Na ação, o MPF sustenta que ‘na série de ilegalidades praticada estão a intimidação de testemunhas durante a tomada de depoimentos, a oferta de “acertos” contrários à lei com vistas a encerrar a sindicância, constrangimento de médicos militares para que repassassem informações de membros da equipe de saúde do hospital, e transferências administrativas de testemunha, com intuito intimidatório’.

Intimidação em sindicância

A Procuradoria destaca um áudio em que um capitão insiste em saber quem procurou jornalistas e procuradores após a entrada de um recruta na unidade médica.

Em uma de suas falas, o oficial diz que é típico do instinto do homem ‘descer a porrada’, como se a prática fosse comum naquele meio.

O Ministério Público Federal chegou a recomendar o afastamento do recruta, o que não foi acolhido pelo Exército.
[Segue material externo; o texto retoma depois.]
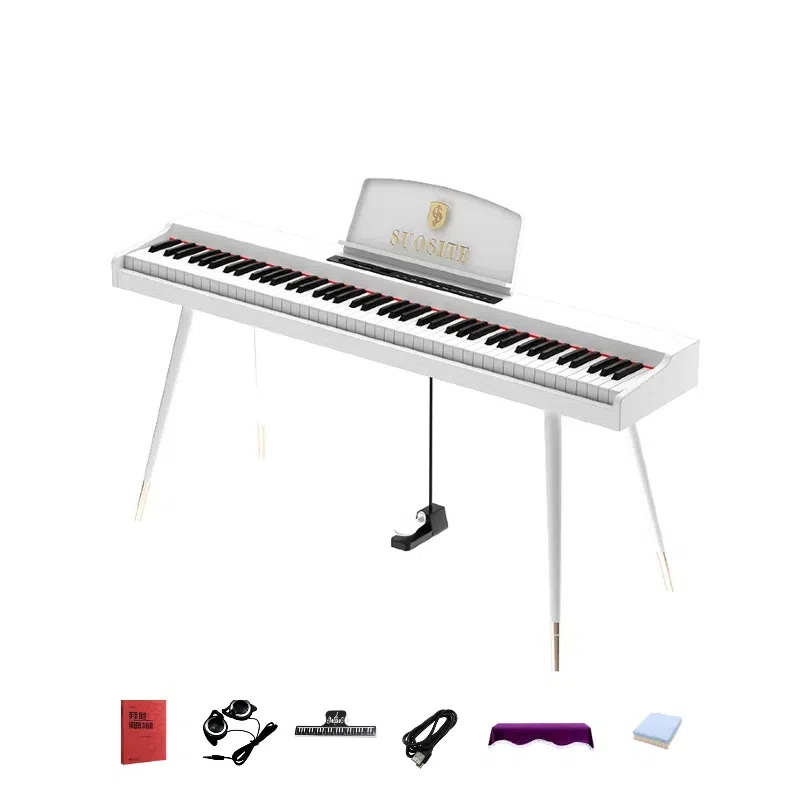 SUOSITE SUOSITE-DW1001 88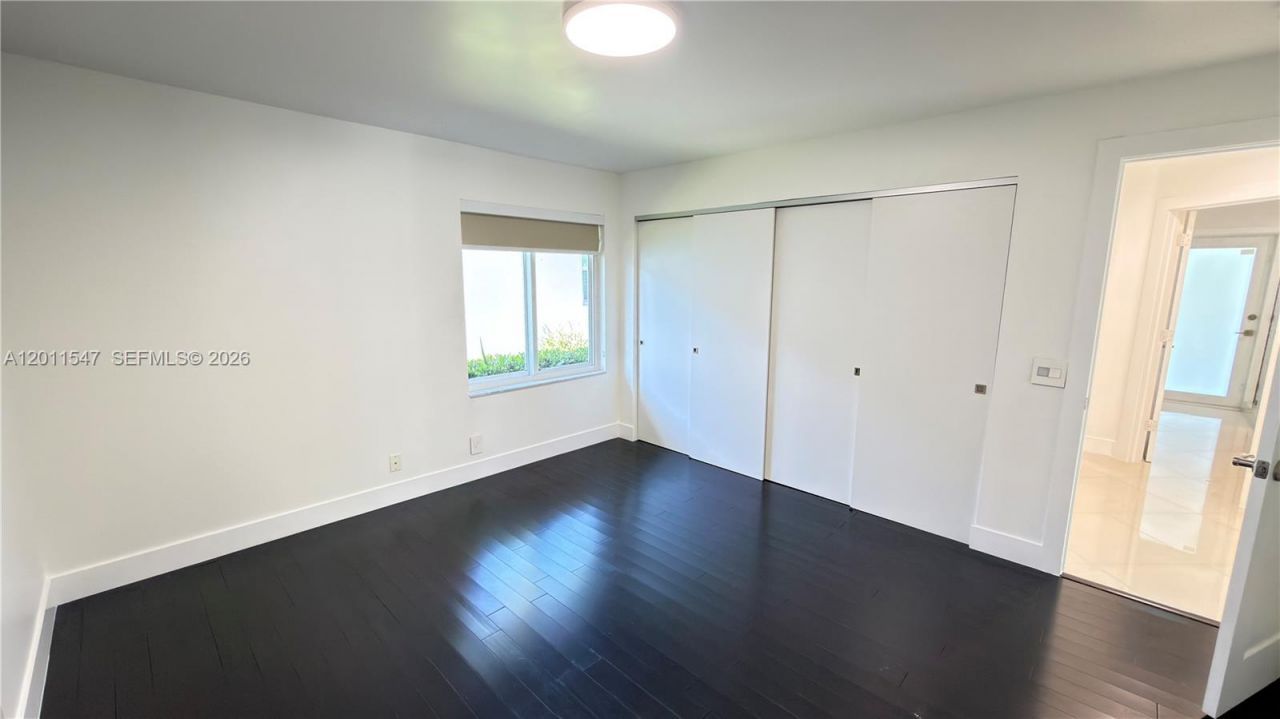 3767 Oak Ridge Cir , Unit 3767, Weston, FL 33331 Photo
“O que se verificou, na verdade, foi o aprofundamento das medidas intimidatórias contra o jovem”, diz a procuradoria.

Segundo o MPF, durante a tomada de depoimentos de envolvidos nos casos, o capitão responsável pela sindicância questionou um recruta com gritos, chutes na mesa e ordens para que a testemunha entrasse em confronto físico com ele.

Um comandante de pelotão teria oferecido a dispensa do serviço militar para outro recruta pela troca de versão no depoimento a fim de extinguir a investigação.

Relatos de tortura

De acordo com testemunhas do caso, recrutas do Exército teriam sido internados no Hospital das Clínicas de Jataí após o desenvolvimento de atividades de campo, em situação de debilidade física, razão pela qual poderiam estar caracterizados eventuais maus tratos/tortura.

À Procuradoria, uma assistente social disse que, em seus 15 anos de hospital, sempre via militares darem entrada na unidade, mas com casos comuns, como quedas. Mas, segundo a profissional, os recrutas começaram a chegar em cadeiras de rodas e em situações graves.

Na noite do dia 25, segundo relatou a assistente social, um médico que não atende no hospital e um sargento entraram com um recruta em estado ‘bem grave’. “Eles já chegaram com muita pressa, abriram a porta da estabilização, que é a sala amarela, e já disse pra médica que estava lá de plantão: me ajuda, me ajuda, nós temos que acudir ele aqui”.

Uma enfermeira disse que um soldado deu entrada no hospital inconsciente, hipotérmico e com hipoglicemia. “Depois do banho, coloquei três cobertores nele, mas mesmo assim continuava inconsciente. Fiz vários testes de dor nele. Em momento algum teve resposta ao estímulo”, disse.

Outra enfermeira reclamou sobre a insistência de militares em permanecer em área restrita a pacientes e equipe de atendimento na semi-UTI, bem como a restrição de comunicação imposta aos recrutas.

“O tempo todo eles tinham um outro servidor do Exército com eles. A sala de estabilização é um lugar que fica só paciente, não fica acompanhante. Não fica mãe, pai, nada, e tinha um (militar) lá na parede do outro lado assim, o tempo todo. A gente falava que não podia ficar, e ele falava que tinha ordens para ficar.”

Ao Ministério Público Federal, profissionais do hospital relataram ‘a intervenção de um coronel nas atividades desenvolvidas para a recuperação dos recrutas’.

“Ele falava que o hospital estava com os termômetros estragados, porque todos os militares que chegavam estavam com febre, então era o termômetro da unidade que não prestava”, disse uma enfermeira.

COM A PALAVRA, O EXÉRCITO

A reportagem fez contato com o Exército. O espaço está aberto para manifestação.